▸ **REQUIREMENT**
Could you reproduce the lines below from the one with "1st image of 227 Brazilian Ave #130" through the one with "MYSTERY LOT ASSORTED"? Keep both ends and add nothing.

(SOURCE MATERIAL)

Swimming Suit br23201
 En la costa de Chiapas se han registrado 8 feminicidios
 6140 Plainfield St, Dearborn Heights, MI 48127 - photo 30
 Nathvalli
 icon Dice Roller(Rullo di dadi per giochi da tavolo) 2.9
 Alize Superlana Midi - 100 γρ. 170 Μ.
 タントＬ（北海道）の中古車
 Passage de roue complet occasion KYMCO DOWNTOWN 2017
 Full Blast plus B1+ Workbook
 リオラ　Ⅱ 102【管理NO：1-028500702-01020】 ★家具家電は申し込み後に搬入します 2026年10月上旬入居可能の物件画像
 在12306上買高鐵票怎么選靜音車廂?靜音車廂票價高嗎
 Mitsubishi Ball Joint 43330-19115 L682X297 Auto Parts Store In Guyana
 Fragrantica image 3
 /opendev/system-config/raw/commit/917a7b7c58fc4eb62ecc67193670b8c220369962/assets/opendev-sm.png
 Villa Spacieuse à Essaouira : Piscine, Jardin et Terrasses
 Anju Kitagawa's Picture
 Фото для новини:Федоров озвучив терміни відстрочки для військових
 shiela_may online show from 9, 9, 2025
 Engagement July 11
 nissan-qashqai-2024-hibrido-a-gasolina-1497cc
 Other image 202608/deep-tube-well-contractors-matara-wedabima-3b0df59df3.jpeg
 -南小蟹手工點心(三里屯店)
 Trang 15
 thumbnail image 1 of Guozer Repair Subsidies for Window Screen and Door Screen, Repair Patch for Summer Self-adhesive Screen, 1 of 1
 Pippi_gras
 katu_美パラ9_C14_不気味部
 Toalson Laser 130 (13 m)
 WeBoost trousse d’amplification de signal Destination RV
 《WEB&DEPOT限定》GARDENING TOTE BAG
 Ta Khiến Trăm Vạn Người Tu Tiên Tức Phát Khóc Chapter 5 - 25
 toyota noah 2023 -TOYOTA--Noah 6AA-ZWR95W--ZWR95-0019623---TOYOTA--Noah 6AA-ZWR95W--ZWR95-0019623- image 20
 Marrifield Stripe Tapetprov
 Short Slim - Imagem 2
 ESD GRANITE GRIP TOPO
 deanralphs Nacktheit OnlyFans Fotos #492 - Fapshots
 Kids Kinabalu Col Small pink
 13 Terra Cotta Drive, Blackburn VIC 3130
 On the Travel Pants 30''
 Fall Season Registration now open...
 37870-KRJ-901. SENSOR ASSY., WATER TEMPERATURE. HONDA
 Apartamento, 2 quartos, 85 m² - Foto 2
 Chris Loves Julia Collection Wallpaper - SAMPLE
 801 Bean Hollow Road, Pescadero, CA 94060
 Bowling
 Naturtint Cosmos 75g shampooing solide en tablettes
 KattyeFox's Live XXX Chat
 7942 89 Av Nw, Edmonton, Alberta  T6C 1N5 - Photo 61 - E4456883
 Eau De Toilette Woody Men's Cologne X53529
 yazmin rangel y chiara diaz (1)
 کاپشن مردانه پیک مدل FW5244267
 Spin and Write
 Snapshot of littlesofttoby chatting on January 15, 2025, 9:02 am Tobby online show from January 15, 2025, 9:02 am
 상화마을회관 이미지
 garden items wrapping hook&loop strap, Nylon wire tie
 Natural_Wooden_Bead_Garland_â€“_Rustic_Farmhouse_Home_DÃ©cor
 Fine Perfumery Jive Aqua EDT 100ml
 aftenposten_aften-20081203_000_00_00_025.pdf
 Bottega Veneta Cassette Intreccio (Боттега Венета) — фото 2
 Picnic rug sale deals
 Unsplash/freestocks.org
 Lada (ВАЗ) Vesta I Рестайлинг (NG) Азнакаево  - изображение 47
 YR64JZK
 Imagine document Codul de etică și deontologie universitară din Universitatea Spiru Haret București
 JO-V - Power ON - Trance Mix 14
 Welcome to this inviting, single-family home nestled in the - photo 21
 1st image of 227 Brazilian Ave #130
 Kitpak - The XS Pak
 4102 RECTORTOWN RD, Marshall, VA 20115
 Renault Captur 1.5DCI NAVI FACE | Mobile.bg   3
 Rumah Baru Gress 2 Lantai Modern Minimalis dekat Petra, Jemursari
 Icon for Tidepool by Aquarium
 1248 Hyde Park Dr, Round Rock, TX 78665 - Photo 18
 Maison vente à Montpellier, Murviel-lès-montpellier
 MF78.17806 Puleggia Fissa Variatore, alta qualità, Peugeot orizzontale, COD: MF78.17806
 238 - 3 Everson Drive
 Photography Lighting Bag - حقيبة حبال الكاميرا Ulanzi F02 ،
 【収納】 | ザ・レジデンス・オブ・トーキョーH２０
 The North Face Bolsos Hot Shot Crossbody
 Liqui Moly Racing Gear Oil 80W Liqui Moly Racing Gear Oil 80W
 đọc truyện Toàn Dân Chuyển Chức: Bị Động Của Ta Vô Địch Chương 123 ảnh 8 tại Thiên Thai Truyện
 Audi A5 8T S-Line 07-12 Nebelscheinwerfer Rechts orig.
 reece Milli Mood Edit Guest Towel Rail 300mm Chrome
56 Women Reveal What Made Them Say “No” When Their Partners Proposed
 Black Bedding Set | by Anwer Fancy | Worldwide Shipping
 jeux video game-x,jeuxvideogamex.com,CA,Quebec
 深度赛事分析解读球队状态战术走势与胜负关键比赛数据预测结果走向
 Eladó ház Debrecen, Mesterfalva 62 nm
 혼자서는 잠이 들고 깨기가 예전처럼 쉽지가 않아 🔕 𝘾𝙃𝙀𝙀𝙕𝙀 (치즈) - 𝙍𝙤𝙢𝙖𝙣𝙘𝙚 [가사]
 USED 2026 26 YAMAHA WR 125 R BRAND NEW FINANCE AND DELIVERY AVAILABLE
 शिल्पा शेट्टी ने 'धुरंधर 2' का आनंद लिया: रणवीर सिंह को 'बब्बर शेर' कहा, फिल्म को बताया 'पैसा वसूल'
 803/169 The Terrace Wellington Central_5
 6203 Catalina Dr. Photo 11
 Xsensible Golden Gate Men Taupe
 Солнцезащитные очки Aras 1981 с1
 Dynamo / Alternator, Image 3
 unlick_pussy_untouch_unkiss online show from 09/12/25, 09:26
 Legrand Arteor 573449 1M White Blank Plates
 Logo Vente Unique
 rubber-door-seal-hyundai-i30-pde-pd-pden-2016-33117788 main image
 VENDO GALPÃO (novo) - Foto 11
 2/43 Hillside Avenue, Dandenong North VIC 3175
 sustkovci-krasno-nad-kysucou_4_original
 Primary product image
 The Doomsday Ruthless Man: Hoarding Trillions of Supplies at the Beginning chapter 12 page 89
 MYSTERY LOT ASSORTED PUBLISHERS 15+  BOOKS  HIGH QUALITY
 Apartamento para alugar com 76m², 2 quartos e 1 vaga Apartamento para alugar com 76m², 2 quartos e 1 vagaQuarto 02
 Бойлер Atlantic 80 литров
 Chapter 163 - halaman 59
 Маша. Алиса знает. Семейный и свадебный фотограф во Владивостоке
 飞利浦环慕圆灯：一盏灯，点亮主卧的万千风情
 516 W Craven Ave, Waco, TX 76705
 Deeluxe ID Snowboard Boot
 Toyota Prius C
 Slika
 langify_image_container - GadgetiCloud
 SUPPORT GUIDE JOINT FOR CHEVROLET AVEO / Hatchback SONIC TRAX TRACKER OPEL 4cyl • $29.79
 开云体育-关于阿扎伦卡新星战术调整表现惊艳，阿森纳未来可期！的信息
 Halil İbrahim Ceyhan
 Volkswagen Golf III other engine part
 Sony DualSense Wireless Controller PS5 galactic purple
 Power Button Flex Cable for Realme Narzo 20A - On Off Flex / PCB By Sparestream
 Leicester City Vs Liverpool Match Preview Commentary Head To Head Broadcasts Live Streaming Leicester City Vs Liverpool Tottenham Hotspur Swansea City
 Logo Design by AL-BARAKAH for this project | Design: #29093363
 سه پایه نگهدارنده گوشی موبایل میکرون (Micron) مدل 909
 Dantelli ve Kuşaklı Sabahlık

(End SOURCE MATERIAL)

▸ **ANSWER TO THE EXERCISE**
 1st image of 227 Brazilian Ave #130
 Kitpak - The XS Pak
 4102 RECTORTOWN RD, Marshall, VA 20115
 Renault Captur 1.5DCI NAVI FACE | Mobile.bg   3
 Rumah Baru Gress 2 Lantai Modern Minimalis dekat Petra, Jemursari
 Icon for Tidepool by Aquarium
 1248 Hyde Park Dr, Round Rock, TX 78665 - Photo 18
 Maison vente à Montpellier, Murviel-lès-montpellier
 MF78.17806 Puleggia Fissa Variatore, alta qualità, Peugeot orizzontale, COD: MF78.17806
 238 - 3 Everson Drive
 Photography Lighting Bag - حقيبة حبال الكاميرا Ulanzi F02 ،
 【収納】 | ザ・レジデンス・オブ・トーキョーH２０
 The North Face Bolsos Hot Shot Crossbody
 Liqui Moly Racing Gear Oil 80W Liqui Moly Racing Gear Oil 80W
 đọc truyện Toàn Dân Chuyển Chức: Bị Động Của Ta Vô Địch Chương 123 ảnh 8 tại Thiên Thai Truyện
 Audi A5 8T S-Line 07-12 Nebelscheinwerfer Rechts orig.
 reece Milli Mood Edit Guest Towel Rail 300mm Chrome
56 Women Reveal What Made Them Say “No” When Their Partners Proposed
 Black Bedding Set | by Anwer Fancy | Worldwide Shipping
 jeux video game-x,jeuxvideogamex.com,CA,Quebec
 深度赛事分析解读球队状态战术走势与胜负关键比赛数据预测结果走向
 Eladó ház Debrecen, Mesterfalva 62 nm
 혼자서는 잠이 들고 깨기가 예전처럼 쉽지가 않아 🔕 𝘾𝙃𝙀𝙀𝙕𝙀 (치즈) - 𝙍𝙤𝙢𝙖𝙣𝙘𝙚 [가사]
 USED 2026 26 YAMAHA WR 125 R BRAND NEW FINANCE AND DELIVERY AVAILABLE
 शिल्पा शेट्टी ने 'धुरंधर 2' का आनंद लिया: रणवीर सिंह को 'बब्बर शेर' कहा, फिल्म को बताया 'पैसा वसूल'
 803/169 The Terrace Wellington Central_5
 6203 Catalina Dr. Photo 11
 Xsensible Golden Gate Men Taupe
 Солнцезащитные очки Aras 1981 с1
 Dynamo / Alternator, Image 3
 unlick_pussy_untouch_unkiss online show from 09/12/25, 09:26
 Legrand Arteor 573449 1M White Blank Plates
 Logo Vente Unique
 rubber-door-seal-hyundai-i30-pde-pd-pden-2016-33117788 main image
 VENDO GALPÃO (novo) - Foto 11
 2/43 Hillside Avenue, Dandenong North VIC 3175
 sustkovci-krasno-nad-kysucou_4_original
 Primary product image
 The Doomsday Ruthless Man: Hoarding Trillions of Supplies at the Beginning chapter 12 page 89
 MYSTERY LOT ASSORTED PUBLISHERS 15+  BOOKS  HIGH QUALITY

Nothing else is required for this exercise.